The last 2.5km though were pretty much all downhill, on firm ground, and quite enjoyable! I didn’t let myself look at my watch at all except when it vibrated to indicate that I had completed another km. I find that especially towards the end of a race I find myself looking at my watch increasingly frequently. And more often than not only covering about 100m between looks at my watch! So I just concentrated on putting one foot in front of the other, and not falling over. There were a few tricky sections of trail, some quite rocky and very conducive to rolled ankles. I nearly went over several times!
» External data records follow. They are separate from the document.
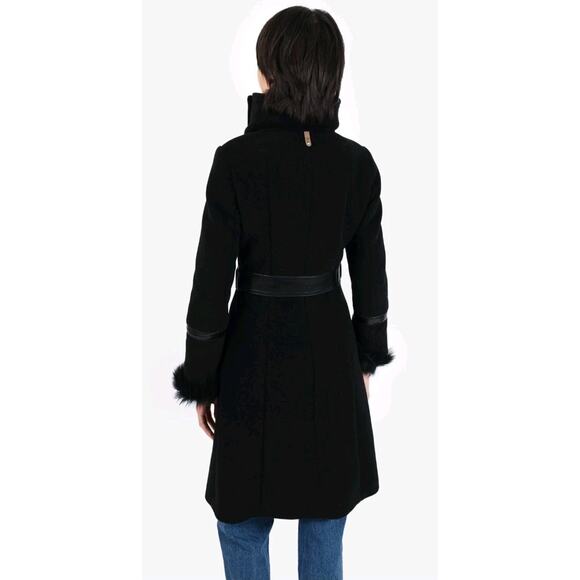 Mackage Isabel Brown Shearling Accent Wool Trench Coat Size S - Picture 6 of 14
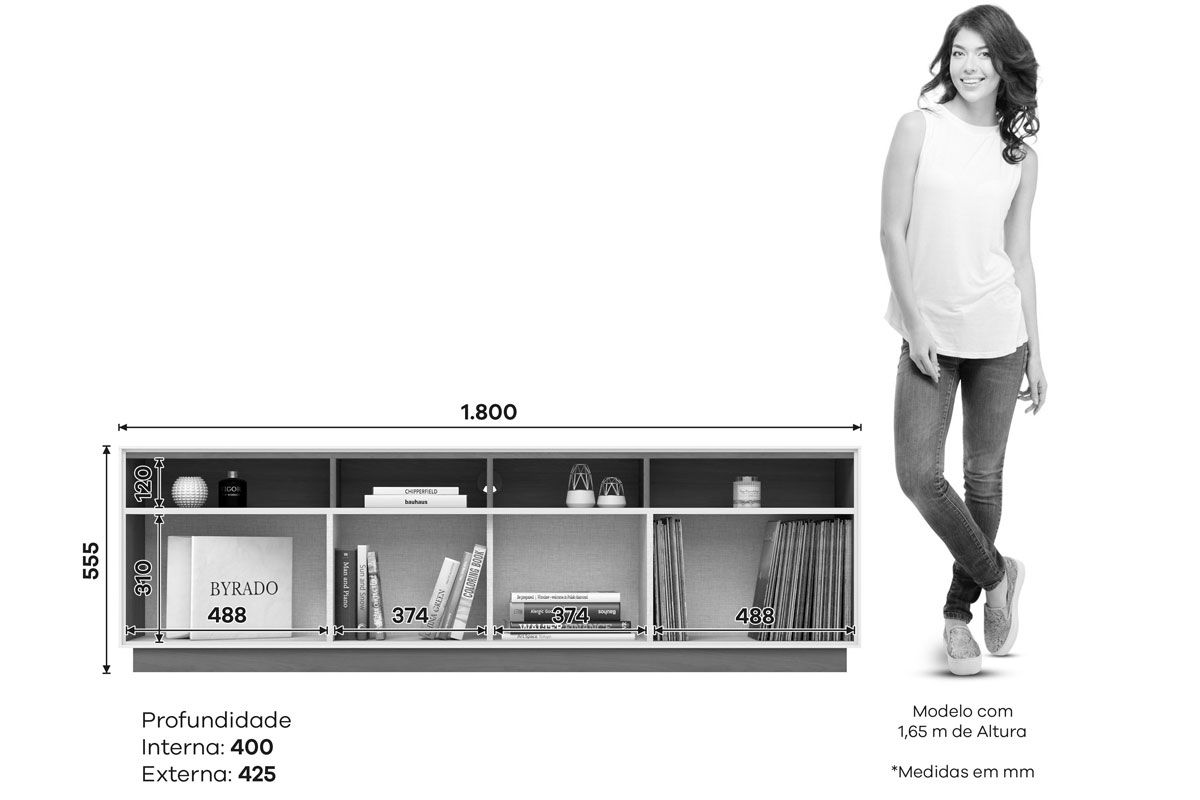 Rack Bancada p/ TV Orion 3 Portas 180cm p/ 80 Polegadas Henn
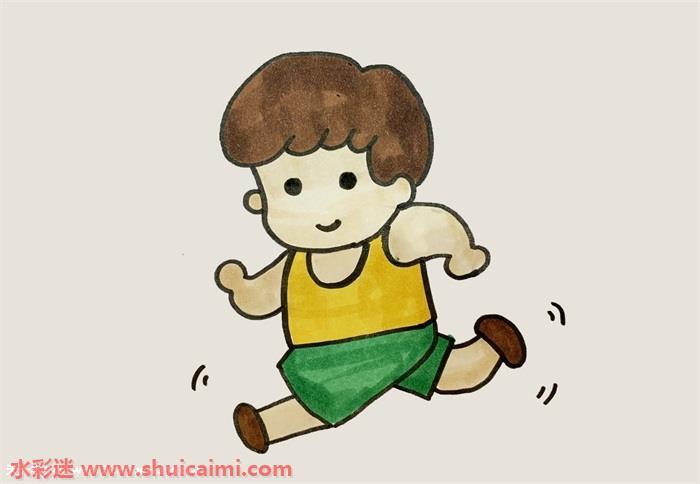 跑步的小男孩怎么画 跑步的小男孩简笔画简单彩色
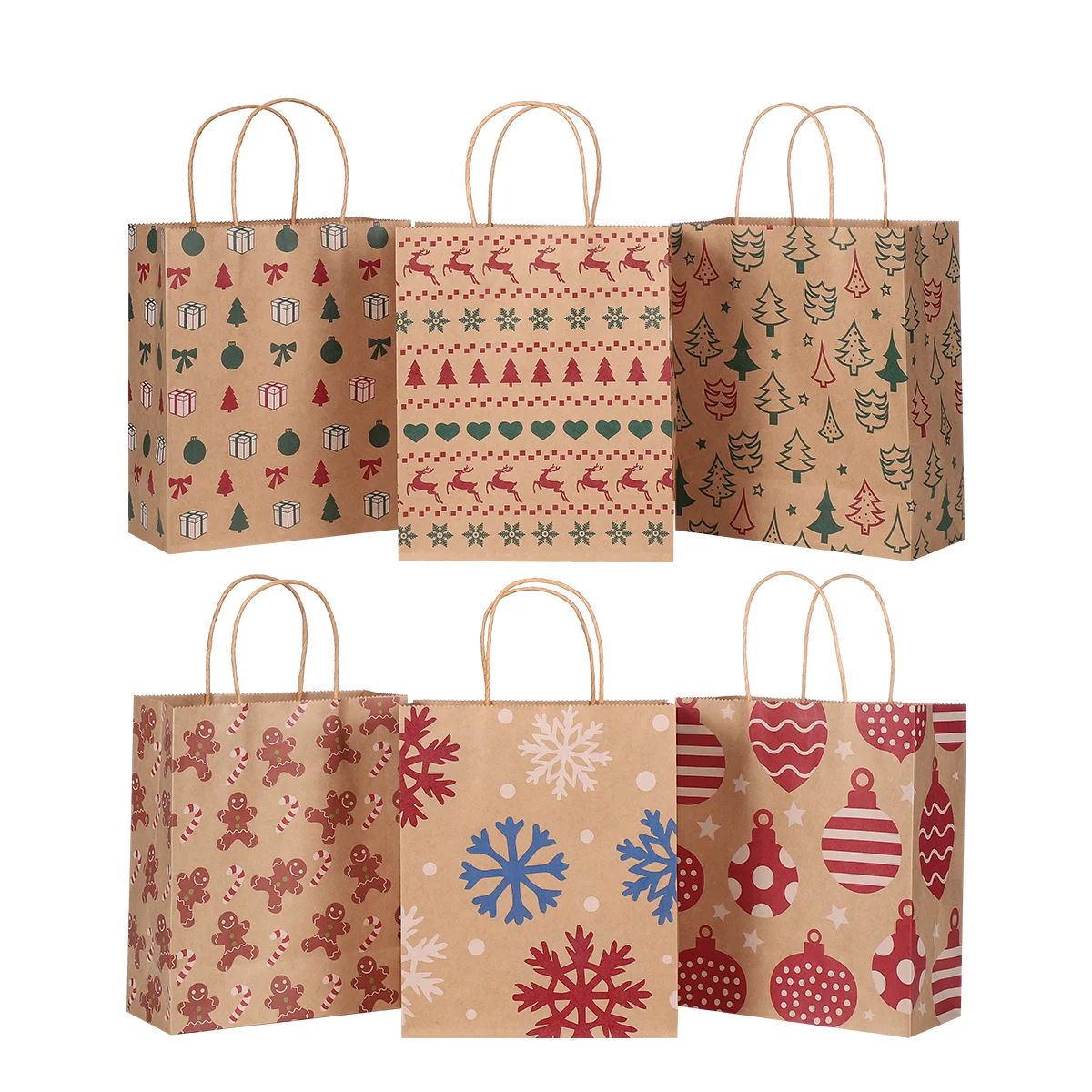 

24pcs Christmas Kraft Bags 6 Patterns Xmas Gift Bags Paper Storage Christmas Paper Bags for Festival Holiday Banquet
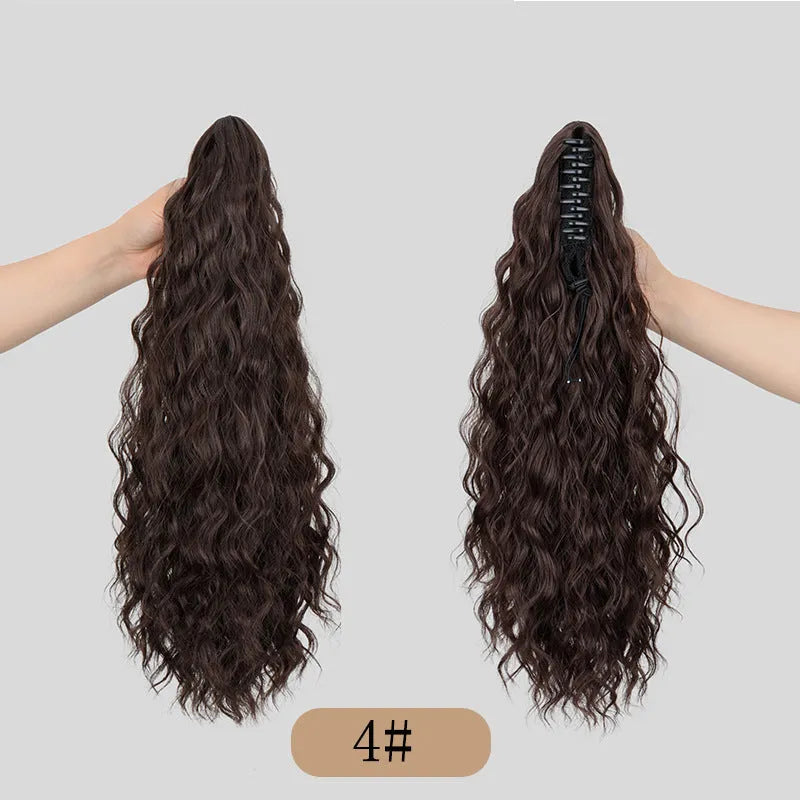 Corn curl synthetic ponytail wig with water ripple grip attachment in multiple colour options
Finally my watch alerted me that I’d completed 19km and therefore there was around 500m to go. Piece of cake! I did the last 500m (actually according to my watch it was 600m) at 4:09 min/km pace, by far the fastest of my race so far. Not surprising really – I do like a strong finish and I probably tend to hold myself back in the preceding km or so to allow myself to finish with a burst of speed! There was a guy in front of me – I didn’t really want to pass him but he was running at that awkward pace, just a little slower than I was trying to run. So I called out “GO GO GO” to him so he knew I was there and could pick up the pace to avoid being “chicked”! (Mind you, had it been another girl in front of me, I would probably have just gone for it – did I mention I tend to get a bit competitive?)
My official time was 1:46:29. Having not had a time in mind for this race, I was very happy with that. I was 38th overall out of 106 starters and 8th out of 44 females, and once again 4th out of 21 in my age group, behind the same 3 girls who beat me at Anstey Hill (albeit in a different order), Bronwyn, Sarah and Kazu! Did I mention before that 30-39 Females is a very competitive age group? 21 out of the 44 females in the race were in my age group, and 3 of the top 4!
After the presentations, in which many of my friends won age group and overall prizes, regular running buddy Karen and her husband Daryl and I went for a lovely cruisy bike ride along the coast. The weather was perfect and it was a great way to give the legs some recovery and make the most of the trip Down South. (I had intended to go for a swim too but after the bike ride it was getting late and the fatigue was starting to set in – not the best for a longish drive home – so I decided to forgo the swim). We were really lucky with the weather too because thunderstorms hit during the drive home!
So what’s next? Well trail-wise the next big event is the Cleland Trail Championships next month – which will probably be my last big trail hit-out before the Ultra-Trail Australia 100km race in May! I’m really looking forward to Cleland because after choosing not to run it for the last 2 years because of clashes with other events, I’m finally doing my first one this year!
Thanks again to Ben and all the fantastic volunteers for a wonderful trail series! Hopefully I’ll be able to run all 4 events next summer!